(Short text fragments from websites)
- - -

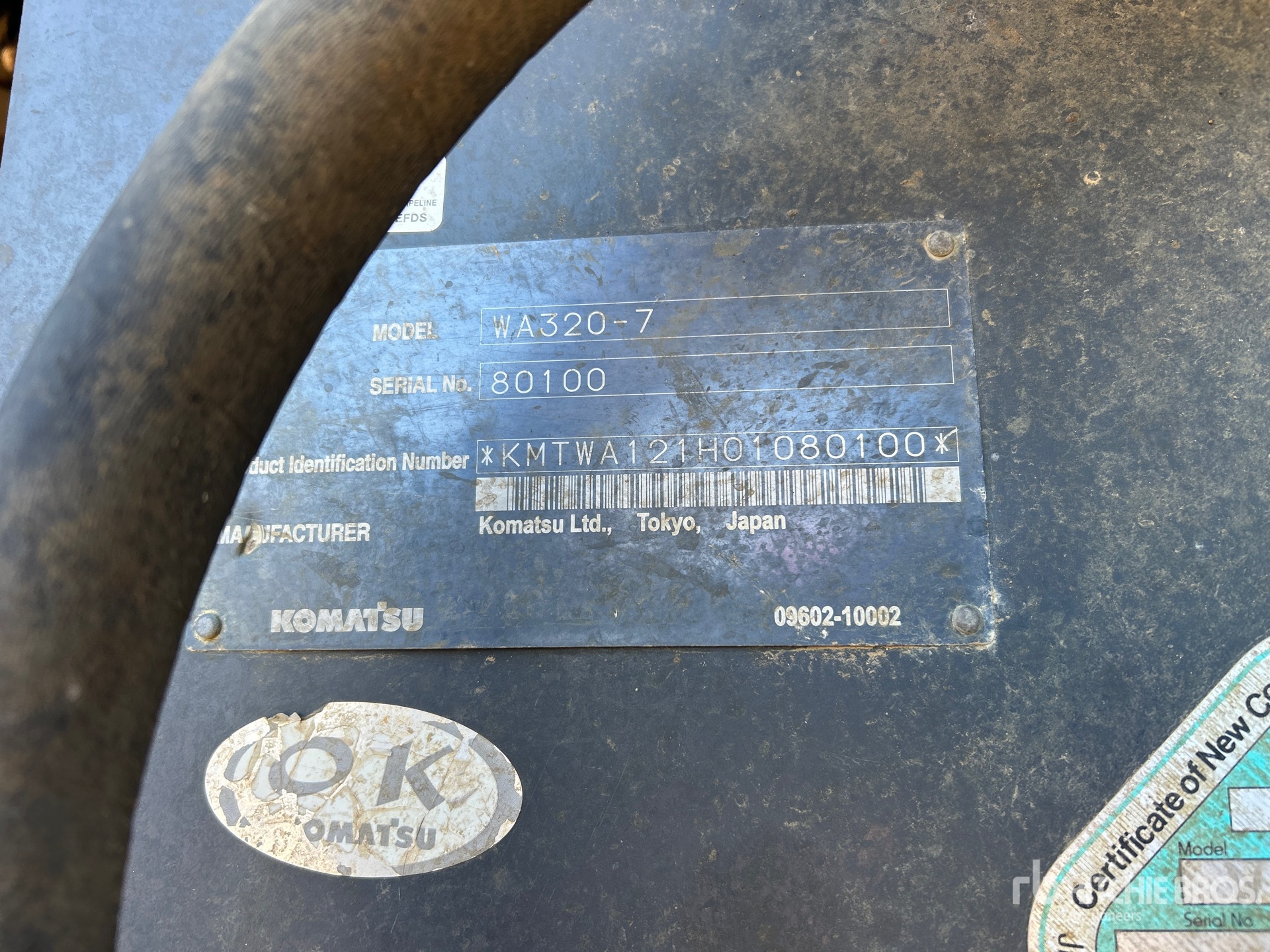 2013 Komatsu WA320-7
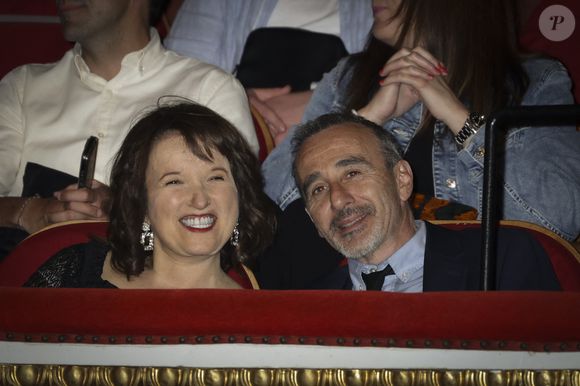Exclusif - Anne Roumanoff, Elie Semoun - Concerto pour la paix de Omar Harfouch au théâtre de Béziers le 8 mai 2025 © Jack Tribeca / Bestimage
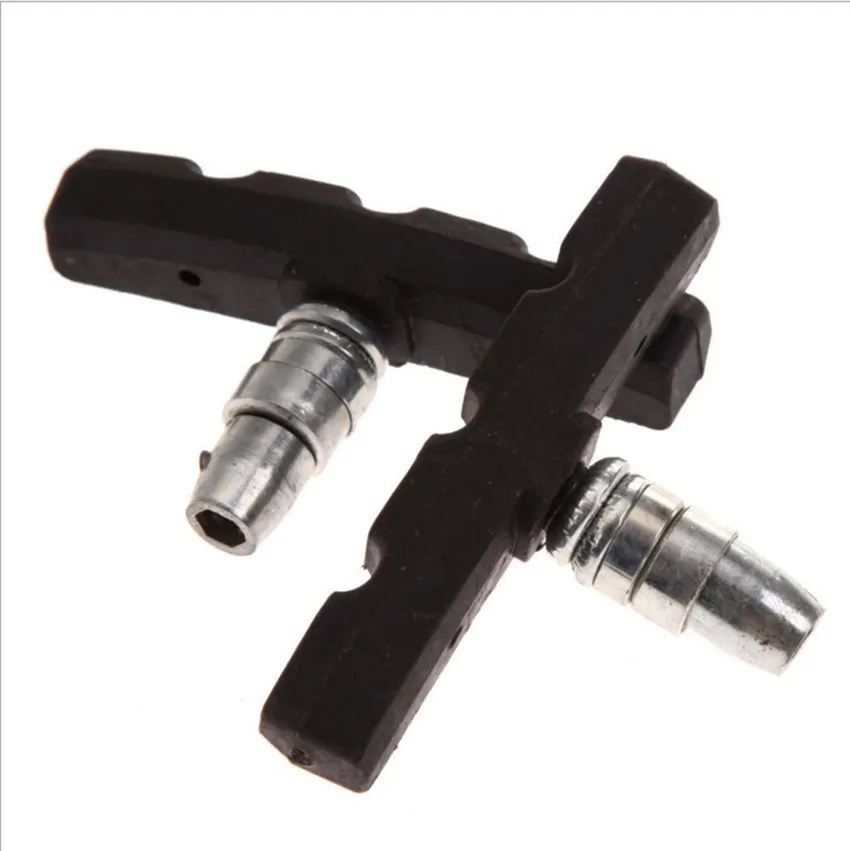 1-6pcs Bike Brake Blocks Rubber Cycling Part Tools MTB Mountain Road Bicycle Lightweight V-brake Shoes Pads Bicycle Accessories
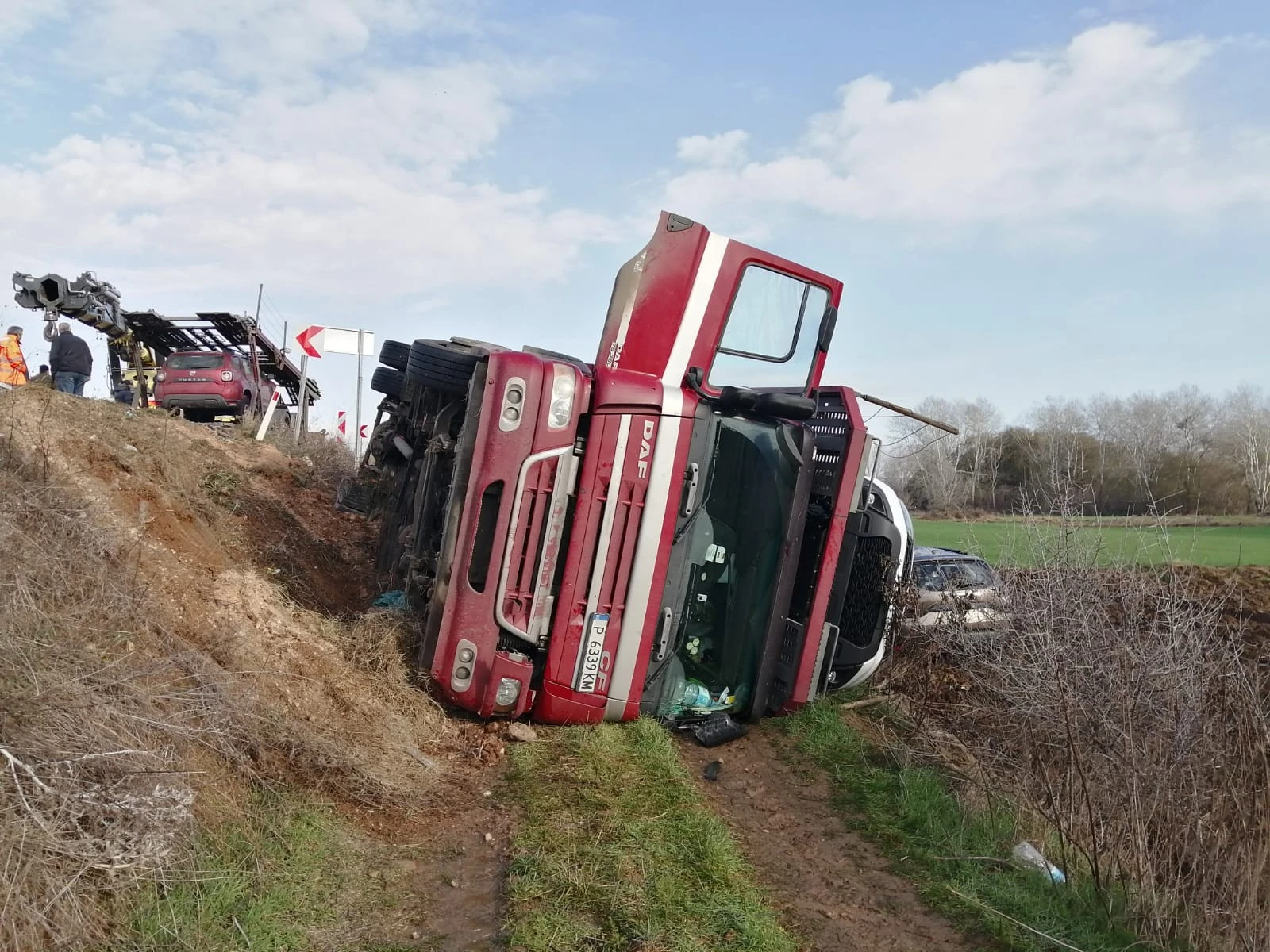 Tarlada şok görüntü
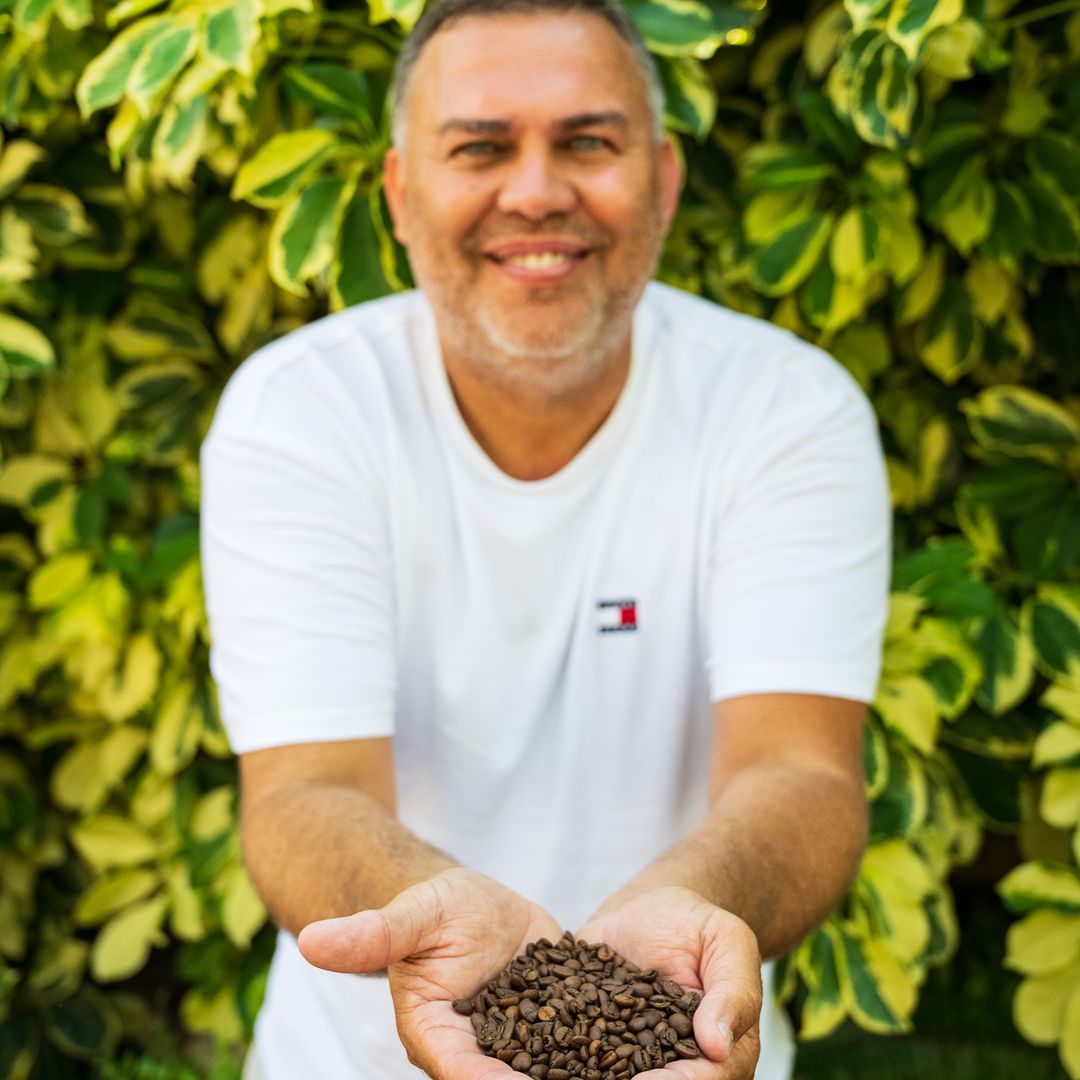 Víctor Lugo, Finca La Laja, café, Agaete, Gran Canaria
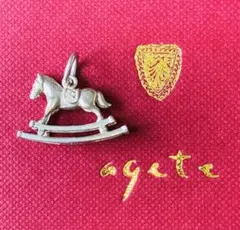 t*n様 agete アガット　シルバー　ネックレスチャーム　木馬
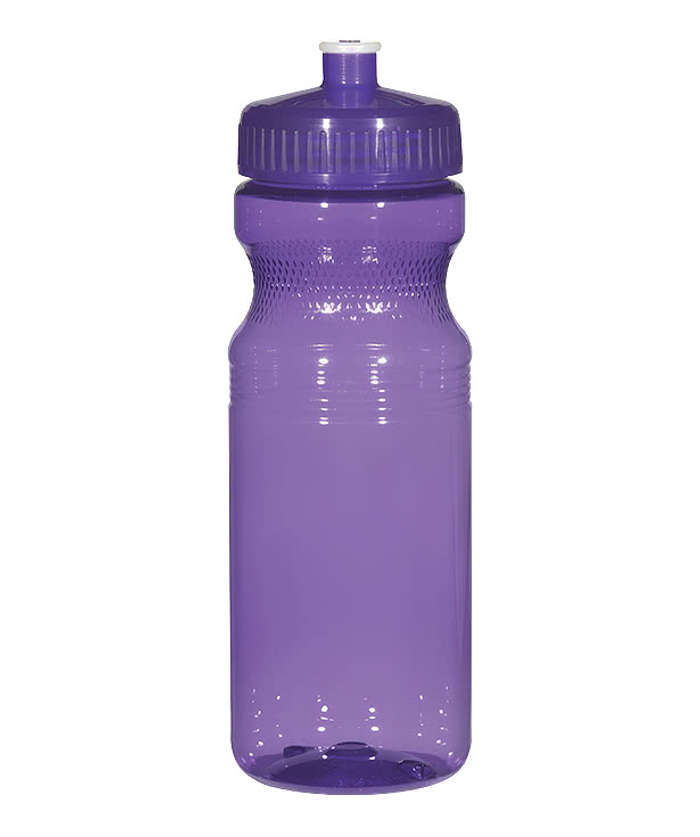 Full Color 24 oz. Poly Clear Fitness Water Bottle (Case of 100)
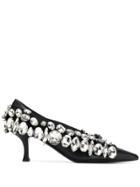 Nº21 Embellished Mid-heel Pumps - Black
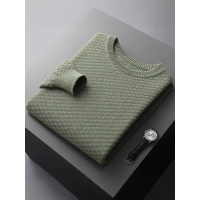 秋冬新款加厚男士羊毛衫保暖毛衣男圆领宽松元宝针内搭针织打底衫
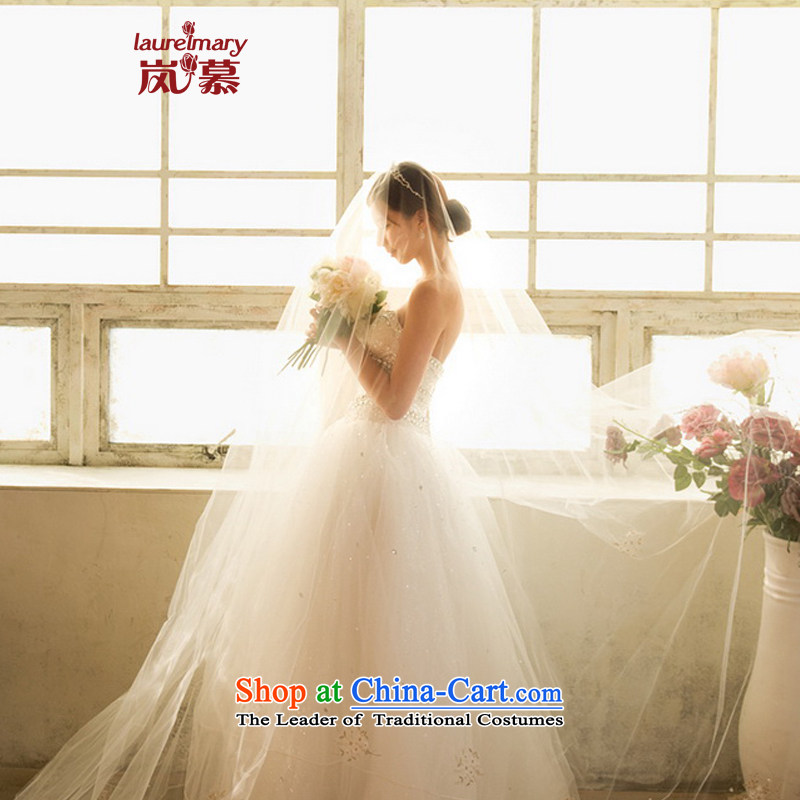 The sponsors of the 2015 New LAURELMARY, Korean romantic heart-shaped anointed chest manually beaded Foutune of video thin bon bon skirt to align the bride wedding ivory XL(B=95/W=79), included the , , , shopping on the Internet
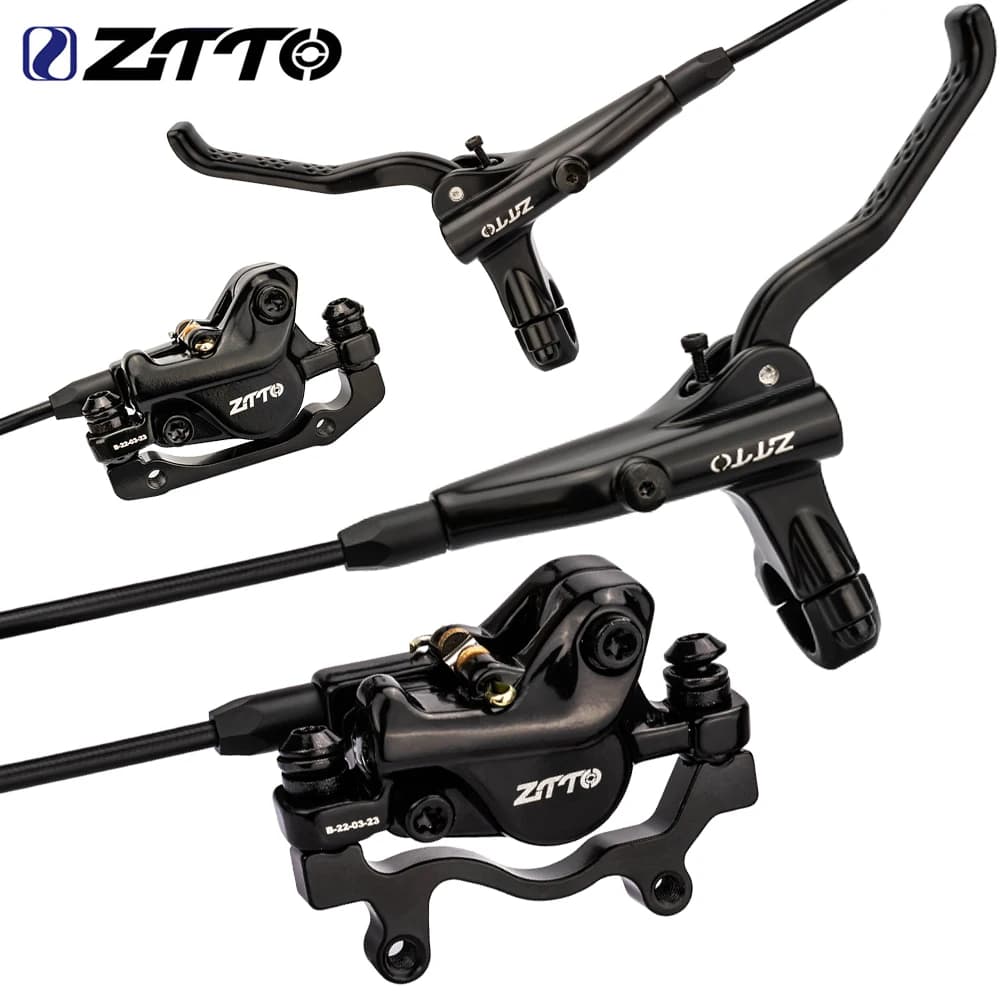 ZTTO MTB Bicycle Hydraulic Disc Brake 74mm PM 2 Piston XC Trail Mineral Oil Pressure Calipers Metal Mountain Bike Brake Pads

- - -

Leave the pictures out. Extract exactly the lines running from the one with "Víctor Lugo, Finca" through the last entry, both ends included.

» Reply:
 Víctor Lugo, Finca La Laja, café, Agaete, Gran Canaria
 t*n様 agete アガット　シルバー　ネックレスチャーム　木馬
 Full Color 24 oz. Poly Clear Fitness Water Bottle (Case of 100)
 Nº21 Embellished Mid-heel Pumps - Black
 秋冬新款加厚男士羊毛衫保暖毛衣男圆领宽松元宝针内搭针织打底衫
 The sponsors of the 2015 New LAURELMARY, Korean romantic heart-shaped anointed chest manually beaded Foutune of video thin bon bon skirt to align the bride wedding ivory XL(B=95/W=79), included the , , , shopping on the Internet
 ZTTO MTB Bicycle Hydraulic Disc Brake 74mm PM 2 Piston XC Trail Mineral Oil Pressure Calipers Metal Mountain Bike Brake Pads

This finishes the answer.